[Items from a dataset]
------------------------------------
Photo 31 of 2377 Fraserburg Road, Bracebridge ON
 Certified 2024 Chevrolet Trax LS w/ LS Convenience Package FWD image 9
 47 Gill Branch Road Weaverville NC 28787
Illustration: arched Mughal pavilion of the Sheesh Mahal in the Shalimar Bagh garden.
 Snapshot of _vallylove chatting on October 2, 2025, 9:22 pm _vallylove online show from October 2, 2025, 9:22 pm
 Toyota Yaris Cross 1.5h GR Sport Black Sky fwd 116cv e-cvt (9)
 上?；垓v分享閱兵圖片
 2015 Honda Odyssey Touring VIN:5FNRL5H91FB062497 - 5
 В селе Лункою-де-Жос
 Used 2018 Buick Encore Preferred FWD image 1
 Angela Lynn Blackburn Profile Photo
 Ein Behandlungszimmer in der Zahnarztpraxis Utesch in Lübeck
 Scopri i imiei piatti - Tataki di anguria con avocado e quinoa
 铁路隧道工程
------------------------------------
● **WHAT YOU HAVE TO DO**
The answer is the line with "Illustration: arched Mughal" plus every line after it, printed exactly as they appear above.

● **RESPONSE**
Illustration: arched Mughal pavilion of the Sheesh Mahal in the Shalimar Bagh garden.
 Snapshot of _vallylove chatting on October 2, 2025, 9:22 pm _vallylove online show from October 2, 2025, 9:22 pm
 Toyota Yaris Cross 1.5h GR Sport Black Sky fwd 116cv e-cvt (9)
 上?；垓v分享閱兵圖片
 2015 Honda Odyssey Touring VIN:5FNRL5H91FB062497 - 5
 В селе Лункою-де-Жос
 Used 2018 Buick Encore Preferred FWD image 1
 Angela Lynn Blackburn Profile Photo
 Ein Behandlungszimmer in der Zahnarztpraxis Utesch in Lübeck
 Scopri i imiei piatti - Tataki di anguria con avocado e quinoa
 铁路隧道工程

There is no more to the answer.